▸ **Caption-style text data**
────────────────────

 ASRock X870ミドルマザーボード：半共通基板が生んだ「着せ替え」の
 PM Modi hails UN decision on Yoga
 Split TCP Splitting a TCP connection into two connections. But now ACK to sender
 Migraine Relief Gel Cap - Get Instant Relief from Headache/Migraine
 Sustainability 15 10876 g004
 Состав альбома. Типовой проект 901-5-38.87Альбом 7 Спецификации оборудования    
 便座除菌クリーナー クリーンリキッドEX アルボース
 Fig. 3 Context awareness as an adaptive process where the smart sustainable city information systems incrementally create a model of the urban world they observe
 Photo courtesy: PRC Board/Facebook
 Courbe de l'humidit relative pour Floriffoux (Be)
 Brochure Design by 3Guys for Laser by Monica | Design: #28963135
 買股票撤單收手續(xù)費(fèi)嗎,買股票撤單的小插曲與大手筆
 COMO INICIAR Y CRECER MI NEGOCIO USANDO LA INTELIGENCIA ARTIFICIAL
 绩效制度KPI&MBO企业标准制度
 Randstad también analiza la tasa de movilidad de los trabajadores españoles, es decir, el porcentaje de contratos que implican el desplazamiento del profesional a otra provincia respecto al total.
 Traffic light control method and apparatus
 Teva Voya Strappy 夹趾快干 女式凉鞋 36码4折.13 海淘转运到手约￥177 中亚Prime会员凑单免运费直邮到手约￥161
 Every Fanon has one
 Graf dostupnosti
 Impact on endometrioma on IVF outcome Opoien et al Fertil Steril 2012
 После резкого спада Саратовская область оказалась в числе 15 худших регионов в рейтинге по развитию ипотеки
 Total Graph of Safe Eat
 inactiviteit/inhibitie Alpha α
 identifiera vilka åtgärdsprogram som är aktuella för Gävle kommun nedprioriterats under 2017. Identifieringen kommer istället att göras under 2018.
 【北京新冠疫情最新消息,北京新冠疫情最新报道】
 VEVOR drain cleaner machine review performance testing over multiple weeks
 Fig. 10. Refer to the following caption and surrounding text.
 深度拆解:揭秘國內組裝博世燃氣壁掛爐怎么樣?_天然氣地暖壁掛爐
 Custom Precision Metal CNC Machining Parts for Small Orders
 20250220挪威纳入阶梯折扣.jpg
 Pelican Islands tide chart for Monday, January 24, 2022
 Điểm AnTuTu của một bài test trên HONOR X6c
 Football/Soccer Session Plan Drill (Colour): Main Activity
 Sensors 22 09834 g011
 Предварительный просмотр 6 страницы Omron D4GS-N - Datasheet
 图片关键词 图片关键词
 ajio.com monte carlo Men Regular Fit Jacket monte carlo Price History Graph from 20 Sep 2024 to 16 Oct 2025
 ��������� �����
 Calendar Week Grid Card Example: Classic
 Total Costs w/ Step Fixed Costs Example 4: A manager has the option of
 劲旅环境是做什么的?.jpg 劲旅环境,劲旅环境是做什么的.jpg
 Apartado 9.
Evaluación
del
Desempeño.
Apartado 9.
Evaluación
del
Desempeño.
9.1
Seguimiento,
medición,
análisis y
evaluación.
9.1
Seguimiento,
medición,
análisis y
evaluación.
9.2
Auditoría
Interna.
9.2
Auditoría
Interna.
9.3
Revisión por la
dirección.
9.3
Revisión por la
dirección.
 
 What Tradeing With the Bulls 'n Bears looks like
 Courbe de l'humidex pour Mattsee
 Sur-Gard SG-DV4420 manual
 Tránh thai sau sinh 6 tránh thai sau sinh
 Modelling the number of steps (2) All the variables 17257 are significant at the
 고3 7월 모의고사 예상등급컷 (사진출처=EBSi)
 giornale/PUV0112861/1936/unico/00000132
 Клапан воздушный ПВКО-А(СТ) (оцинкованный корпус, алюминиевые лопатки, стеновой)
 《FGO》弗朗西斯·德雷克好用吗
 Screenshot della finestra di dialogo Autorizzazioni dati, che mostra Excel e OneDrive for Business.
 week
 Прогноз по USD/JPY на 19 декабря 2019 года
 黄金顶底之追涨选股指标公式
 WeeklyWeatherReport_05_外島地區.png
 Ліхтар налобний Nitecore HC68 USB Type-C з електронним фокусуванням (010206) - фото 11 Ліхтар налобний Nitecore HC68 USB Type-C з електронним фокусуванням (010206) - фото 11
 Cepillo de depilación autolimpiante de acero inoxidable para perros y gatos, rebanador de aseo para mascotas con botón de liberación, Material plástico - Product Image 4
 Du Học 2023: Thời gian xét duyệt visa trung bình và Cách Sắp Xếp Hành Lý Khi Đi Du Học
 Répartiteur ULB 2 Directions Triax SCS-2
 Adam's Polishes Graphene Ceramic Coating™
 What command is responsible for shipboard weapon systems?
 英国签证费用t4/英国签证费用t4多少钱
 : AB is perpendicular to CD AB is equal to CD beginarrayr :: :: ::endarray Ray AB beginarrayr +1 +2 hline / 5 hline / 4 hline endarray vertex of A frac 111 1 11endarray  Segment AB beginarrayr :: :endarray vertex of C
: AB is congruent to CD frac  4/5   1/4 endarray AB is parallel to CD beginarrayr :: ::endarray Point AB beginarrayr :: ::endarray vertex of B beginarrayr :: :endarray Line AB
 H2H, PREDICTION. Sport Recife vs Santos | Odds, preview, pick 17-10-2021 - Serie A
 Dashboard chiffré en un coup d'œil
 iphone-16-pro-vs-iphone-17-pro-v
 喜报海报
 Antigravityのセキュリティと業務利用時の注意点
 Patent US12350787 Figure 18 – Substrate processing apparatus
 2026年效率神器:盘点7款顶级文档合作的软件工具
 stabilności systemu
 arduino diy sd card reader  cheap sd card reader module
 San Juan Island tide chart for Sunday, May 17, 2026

────────────────────

▸ **WORK REQUEST**
From the first line of the records above down to the line containing "Sustainability 15 10876 g004", repeat each line exactly as written. Include both of those lines and add nothing.

▸ **YOUR SOLUTION**
 ASRock X870ミドルマザーボード：半共通基板が生んだ「着せ替え」の
 PM Modi hails UN decision on Yoga
 Split TCP Splitting a TCP connection into two connections. But now ACK to sender
 Migraine Relief Gel Cap - Get Instant Relief from Headache/Migraine
 Sustainability 15 10876 g004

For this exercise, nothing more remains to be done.